What is expected
Write out the listing verbatim. No pictures belong in it.

Source data

++++++++

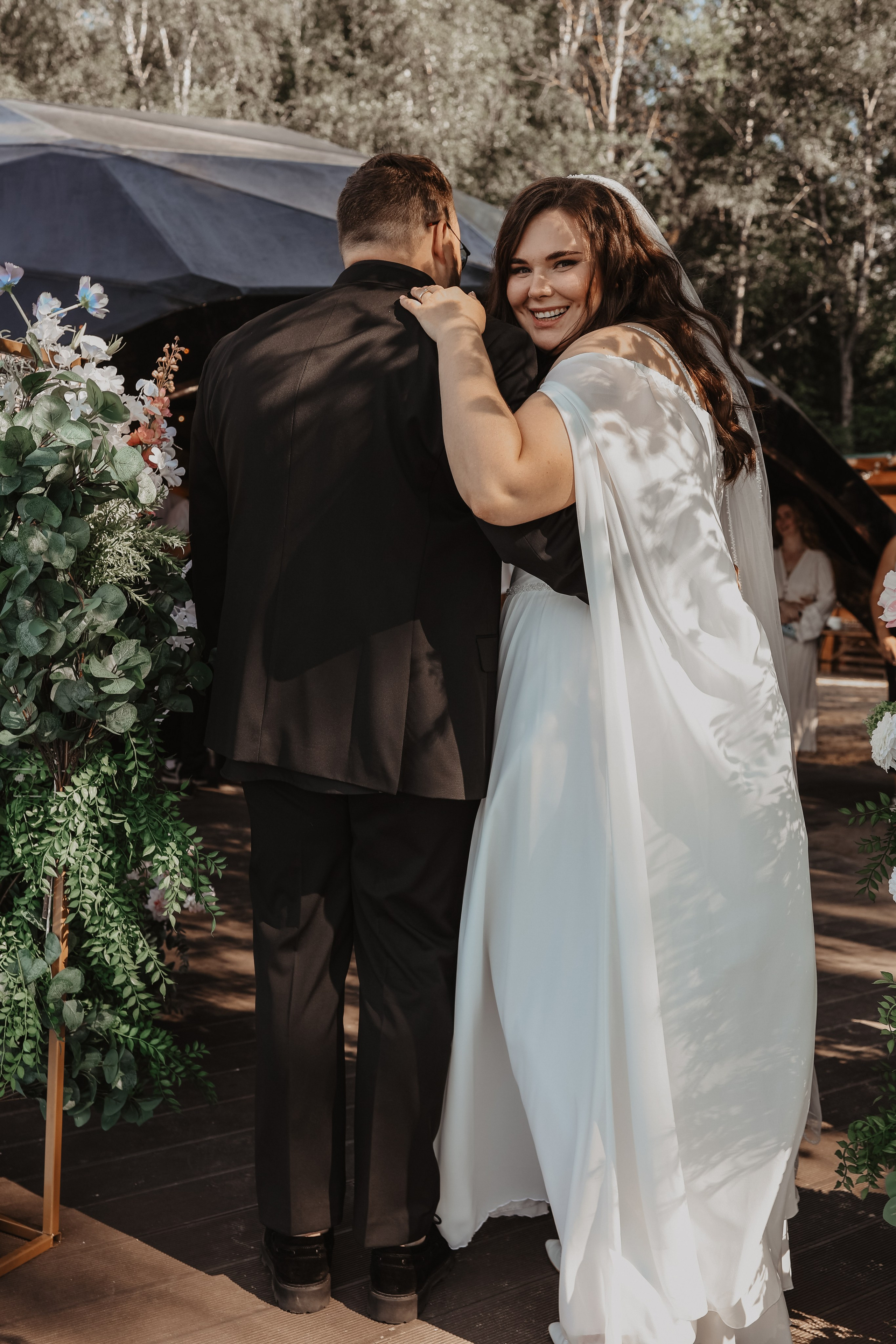 Константин и Полина. Фотограф и видеограф в Москве Полина Абраменкова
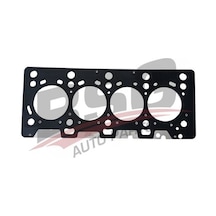 Bsg Sılındır Kapak Contası 0,70mm Krom Mls Celık - Duster Logan Lodgy Sandero Clıo Iı-ııı Fluence Kangoo 00-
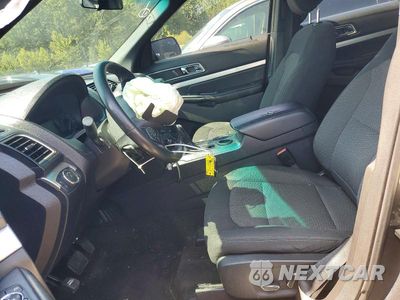 Zdjęcie 7 z 14 samochodu: 2016 FORD EXPLORER XLT VIN:1FM5K7D80GGA33604 - miniatura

++++++++

Result of this task
 Константин и Полина. Фотограф и видеограф в Москве Полина Абраменкова
 Bsg Sılındır Kapak Contası 0,70mm Krom Mls Celık - Duster Logan Lodgy Sandero Clıo Iı-ııı Fluence Kangoo 00-
 Zdjęcie 7 z 14 samochodu: 2016 FORD EXPLORER XLT VIN:1FM5K7D80GGA33604 - miniatura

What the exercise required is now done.